To ensure that you now have a basic understanding of using GPUs in a Slurm cluster, we have prepared a evaluation. Once you pass this, we will remove your GPU restrictions, becoming able to use the modern GPUs in the gpu-ada queue.

Simply run the above Bioinformatics example in an interactive Slurm job, and run nvidia-smi inside the job while the Bioinformatics is running. Copy the output of both nvidia-smi and the Bioinformatics code into this form.

Responsible use

GPUs are a popular but limited resource, so please take extra care to ensure you use them responsibly and efficiently.

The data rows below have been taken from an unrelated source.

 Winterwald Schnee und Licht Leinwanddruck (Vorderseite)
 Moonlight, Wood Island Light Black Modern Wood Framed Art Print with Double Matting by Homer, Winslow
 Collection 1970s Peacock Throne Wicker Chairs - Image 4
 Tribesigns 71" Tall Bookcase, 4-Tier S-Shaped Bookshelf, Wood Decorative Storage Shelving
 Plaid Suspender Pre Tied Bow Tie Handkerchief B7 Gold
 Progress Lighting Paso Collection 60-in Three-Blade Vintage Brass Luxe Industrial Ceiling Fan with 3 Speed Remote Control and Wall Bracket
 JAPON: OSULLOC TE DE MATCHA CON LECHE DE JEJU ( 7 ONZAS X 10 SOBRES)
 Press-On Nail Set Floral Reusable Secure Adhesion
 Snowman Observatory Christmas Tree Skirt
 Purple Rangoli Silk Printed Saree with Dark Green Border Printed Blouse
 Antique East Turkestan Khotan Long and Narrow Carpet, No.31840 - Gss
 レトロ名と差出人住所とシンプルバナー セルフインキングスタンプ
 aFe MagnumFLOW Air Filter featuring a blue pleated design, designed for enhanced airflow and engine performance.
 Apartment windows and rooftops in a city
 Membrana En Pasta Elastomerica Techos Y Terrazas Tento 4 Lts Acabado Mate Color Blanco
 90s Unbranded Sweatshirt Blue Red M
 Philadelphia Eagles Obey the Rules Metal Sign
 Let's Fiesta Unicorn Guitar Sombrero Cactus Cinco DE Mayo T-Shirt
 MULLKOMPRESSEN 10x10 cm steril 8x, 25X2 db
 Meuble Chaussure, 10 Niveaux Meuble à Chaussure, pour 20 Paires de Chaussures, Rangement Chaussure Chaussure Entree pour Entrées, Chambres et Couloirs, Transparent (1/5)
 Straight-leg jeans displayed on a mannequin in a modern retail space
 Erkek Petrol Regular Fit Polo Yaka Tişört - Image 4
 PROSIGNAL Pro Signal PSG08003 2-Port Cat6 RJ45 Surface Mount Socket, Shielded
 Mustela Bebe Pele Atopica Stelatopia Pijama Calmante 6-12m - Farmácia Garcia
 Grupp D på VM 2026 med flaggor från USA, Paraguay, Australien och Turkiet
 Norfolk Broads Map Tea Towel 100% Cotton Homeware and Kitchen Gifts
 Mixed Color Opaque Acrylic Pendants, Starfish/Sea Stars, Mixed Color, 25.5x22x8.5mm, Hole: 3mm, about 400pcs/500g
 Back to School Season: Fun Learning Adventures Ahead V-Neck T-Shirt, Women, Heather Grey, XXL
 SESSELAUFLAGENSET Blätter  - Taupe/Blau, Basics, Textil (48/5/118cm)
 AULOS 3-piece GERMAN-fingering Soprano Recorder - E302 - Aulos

1) Be sure your program is using the GPU resources. Test in an interactive job, monitoring with nvidia-smi program. We have plans for batch jobs to also report GPU utilisation, but for now only nvidia-smi can.

2) Request an appropriate amount of GPU resources. Assess how much GPU memory your work needs - our gpu-turing GPUs have half memory of gpu-ada and usually less busy.